— Problem to work on —
Exactly as written, please repeat the data that follows, but not the pictures.

Start of Data segment

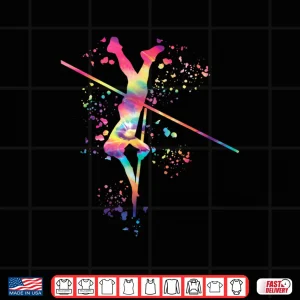 Design Pole Vaulter Colorsplash Pole Jump Athlete Kids Pole Vault Shirt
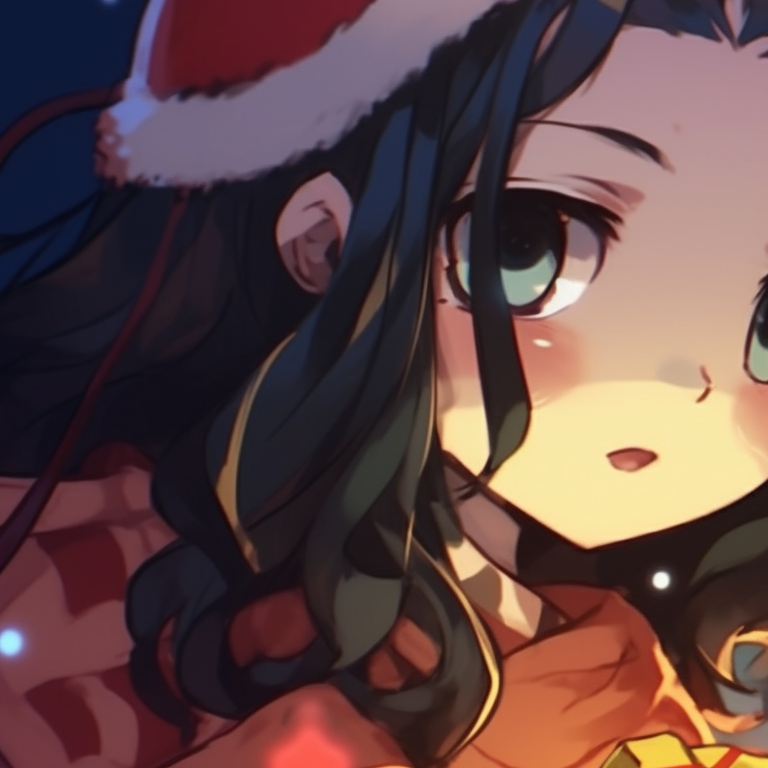 Two Demon Slayer characters, in holiday sweaters, sharing a holly branch. matching christmas demon slayer pfp characters pfp for discord.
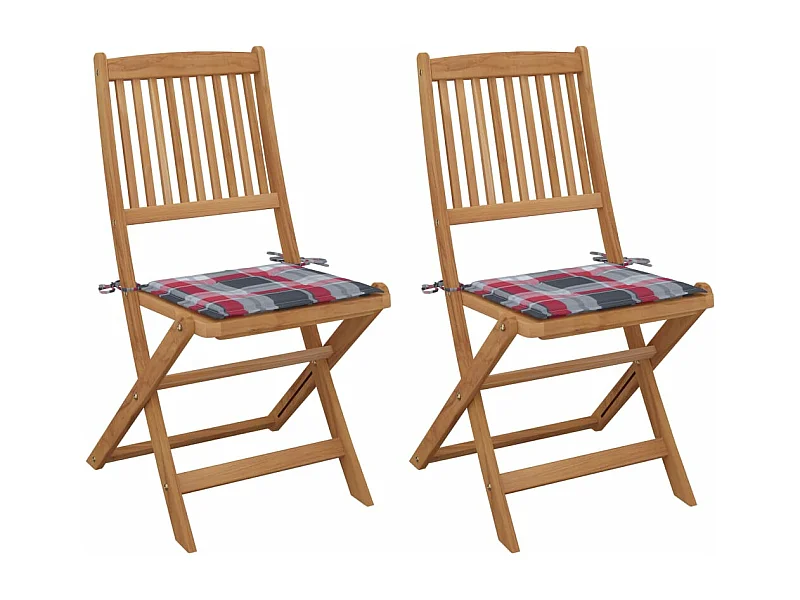 Chaises pliables de jardin 2 pièces avec coussins Bois d'acacia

End of Data segment

— Exercise response —
 Design Pole Vaulter Colorsplash Pole Jump Athlete Kids Pole Vault Shirt
 Two Demon Slayer characters, in holiday sweaters, sharing a holly branch. matching christmas demon slayer pfp characters pfp for discord.
 Chaises pliables de jardin 2 pièces avec coussins Bois d'acacia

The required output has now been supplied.